The potential energy of a particle in a certain field has the form `U=a//r^2-b//r`, where a and b are positive constants, r is the distance from the centre of the field. Find:
(a) the value of `r_0` corresponding to the equilibrium position of the particle, examine where this position is steady,
(b) the maximum magnitude of the attraction force, draw the plots `U(r)` and `F_r(r)` (the projections of the force on the radius vector r).

Answer 1

From the equation `F_r=-(dU)/(dr)` we get `F_r=[-(2a)/(r^3)+(b)/(r^2)]`
(a) we have at `r=r_0`, the particle is in equilibrium position. i.e. `F_r=0` so, `r_0=(2a)/(b)`
To check, whether the position is steady (the position of stable equilibrium), we have to satisfy
`(d^2U)/(dr^2)gt0`
We have `(d^2U)/(dr^2)=[(6a)/(r^4)-(2b)/(r^3)]`
Putting the value or `r=r_0=(2a)/(b)`, we get
`(d^2U)/(dr^2)=(b^4)/(8a^3)`, (as a and b are positive constant)

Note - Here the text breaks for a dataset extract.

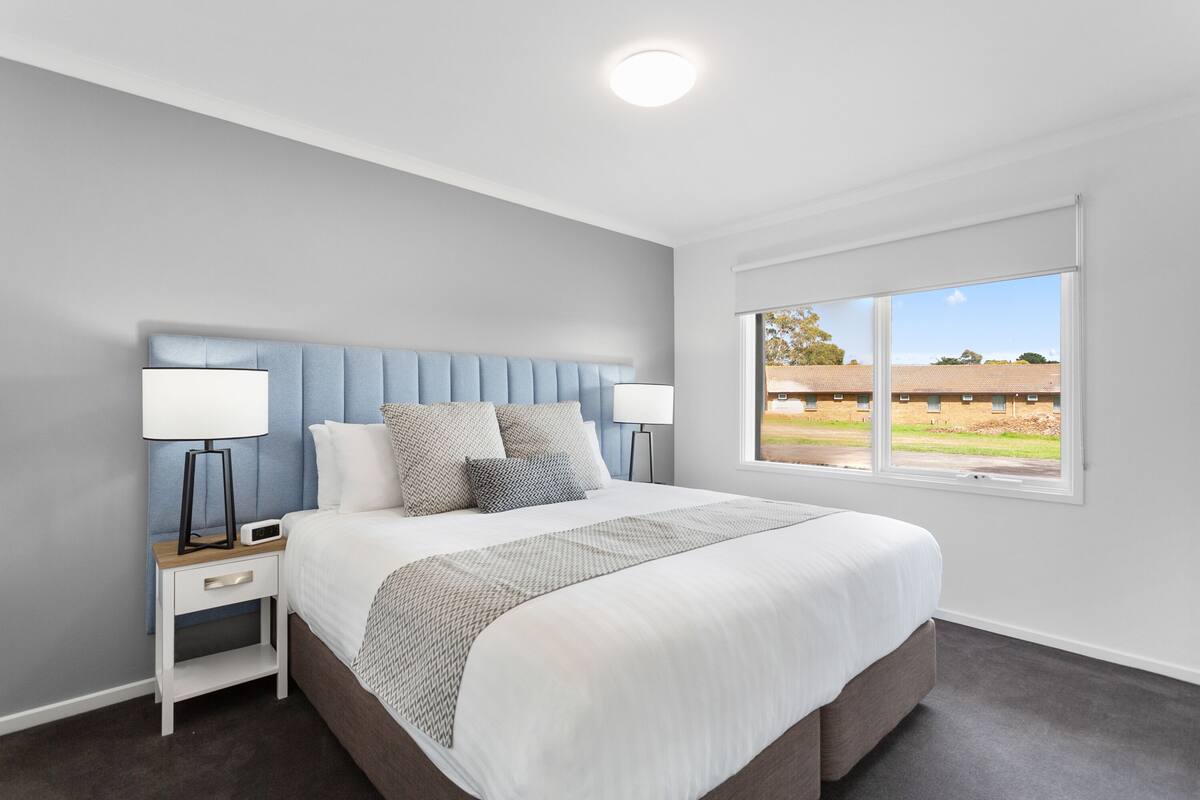 A modern bedroom with a large bed, two bedside tables, and a window with a view of the outside.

So, `(d^2U)/(dr^2)=(b^2)/(8a^3)gt0`,
which indicates that the potential energy of the system is minimum, hence this position is steady:
(b) We have `F_r=-(dU)/(dr)=[-(2a)/(r^3)+(b)/(r^2)]`
For F, to be maximum, `(dF_r)/(dr)=0`
So, `r=(3a)/(b)` and then `F_(r(max))=(-b^3)/(27a^2)`,
As `F_r` is negative, the force is attractive.